DIVIDE OR CONVERGE?

Gilbert Gonzalez
Muma Case Review  •  Volume 1  •  2016  •  pp. 1-23
Gilbert Gonzalez, founder and CEO of Mission Critical Solutions (MCS), was reflecting on the path forward for his company. MCS maintained and updated a five-year strategic plan each year since its inception in 1990. In the early years, the strategic plan focused on the key strategic factors (KSFs) and resulted in a narrow mission. Year after year, that focus on the KSFs was rewarded by the market. Doing the most important things well kept the organization focused and efficient.

The consistently evolving mission of the organization necessitated adding new products, services, and solutions. In the early 1990s, deploying PCs, implementing local area networks (LANs), and providing onsite support met the challenges their customers faced. A few years later, the company’s clients’ needs led to the addition of a Wide Area Network (WAN) solution to aggregate offices and link applications. By 1996, information technologies (IT) and telecommunications began to converge. Common structured cable plants and digital trunks sharing voice and data traffic were new and mandatory elements of the clients’ solutions. Subtly, the technologies evolved and converged. Internet Protocol (IP) Telephony and Unified Communications converged onto the clients’ LAN/WAN networks. It was clear that most technology would speak IP in the future. In the early 2000s, building automation, audio video (AV), security, surveillance, and control system endpoints converged onto the network. The trend of unusual devices converging onto the network, also known as “the Internet of things,” will continue. Wireless innovations and mobility meant that technology could move not just around the facility, but also around the world.

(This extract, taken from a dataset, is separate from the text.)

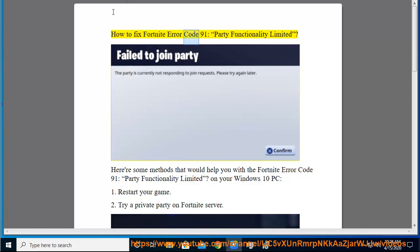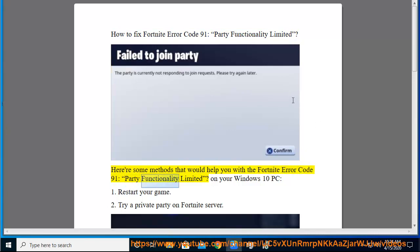How to Fix Fortnite Error Code 91, Party Functionality Limited. Here are some methods that would help you with the Fortnite Error Code 91, Party Functionality Limited.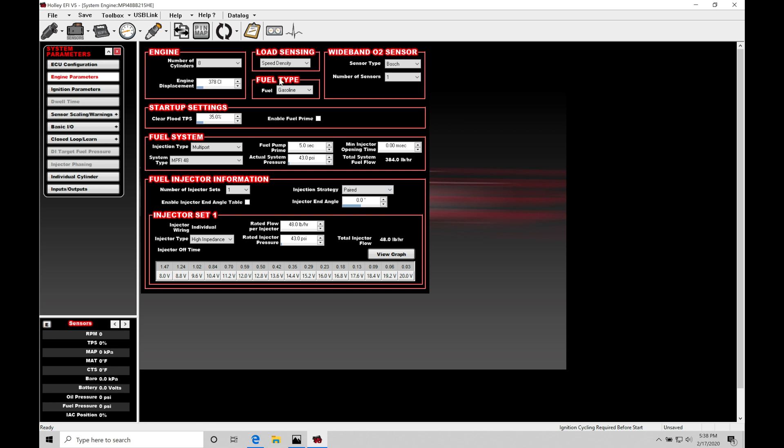The fuel type here, we need to specify what kind of fuel we're using. We can see gasoline, E85 or methanol. This is going to be specifying what the fuel density is going to be, so it's going to understand a little bit better how to turn the fuel flow rate command into an injector pulse width based on the density of the fuel type we're working with. In this case, I'm working with gasoline.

For MCS, the end result of this phenomenon was a group of specialized departments and teams: information technologies, passive cabling systems, electrical systems, building automation and controls, audio video, security and surveillance, and unified communications. All of these departments, staffed 200 associates strong, were coordinated by the project management team, and collaborated to meet the requirements of the company’s clients. Thus, the marketing elevator speech for MCS required a tall building! Their clients expressed surprise and confusion at the breadth of services offered. While the devices had converged, the clients’ perception of their vendors and providers had not. The question at hand was whether MCS should stay converged in a functional organization strategy with capability-based teams, or organize into separate standalone entities with unique identities and separate overheads, focusing more on the individual capability-based technology specialization.